* DATA
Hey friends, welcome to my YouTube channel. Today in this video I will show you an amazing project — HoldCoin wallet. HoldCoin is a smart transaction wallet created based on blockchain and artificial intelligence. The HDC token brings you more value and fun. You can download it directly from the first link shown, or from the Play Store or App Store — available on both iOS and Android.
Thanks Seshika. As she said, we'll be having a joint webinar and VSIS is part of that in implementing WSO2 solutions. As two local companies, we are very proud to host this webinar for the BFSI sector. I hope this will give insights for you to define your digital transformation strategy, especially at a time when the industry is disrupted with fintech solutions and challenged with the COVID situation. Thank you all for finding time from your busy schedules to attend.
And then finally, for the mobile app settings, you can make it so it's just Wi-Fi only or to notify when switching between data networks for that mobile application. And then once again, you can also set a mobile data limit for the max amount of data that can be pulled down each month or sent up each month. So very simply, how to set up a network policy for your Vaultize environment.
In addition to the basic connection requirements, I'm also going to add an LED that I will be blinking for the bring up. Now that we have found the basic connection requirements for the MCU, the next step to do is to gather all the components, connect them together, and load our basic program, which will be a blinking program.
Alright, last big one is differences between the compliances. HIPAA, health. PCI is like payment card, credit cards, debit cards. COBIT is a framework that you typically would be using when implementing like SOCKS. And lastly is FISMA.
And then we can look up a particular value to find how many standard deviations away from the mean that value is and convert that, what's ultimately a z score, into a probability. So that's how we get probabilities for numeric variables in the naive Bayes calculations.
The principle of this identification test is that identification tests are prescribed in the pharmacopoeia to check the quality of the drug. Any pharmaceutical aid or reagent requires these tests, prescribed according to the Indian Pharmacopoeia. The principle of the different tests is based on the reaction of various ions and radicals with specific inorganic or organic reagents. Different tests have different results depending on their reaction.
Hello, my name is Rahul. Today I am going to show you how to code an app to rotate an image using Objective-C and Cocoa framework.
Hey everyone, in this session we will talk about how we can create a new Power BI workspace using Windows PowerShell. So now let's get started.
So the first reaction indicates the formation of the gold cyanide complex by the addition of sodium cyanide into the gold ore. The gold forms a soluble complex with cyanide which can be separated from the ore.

* EXERCISE DETAILS
Above are some records; copy exactly the lines from the one with "Hello, my name" through the one with "Hey everyone, in", both included, and no others.

* RESULT
Hello, my name is Rahul. Today I am going to show you how to code an app to rotate an image using Objective-C and Cocoa framework.
Hey everyone, in this session we will talk about how we can create a new Power BI workspace using Windows PowerShell. So now let's get started.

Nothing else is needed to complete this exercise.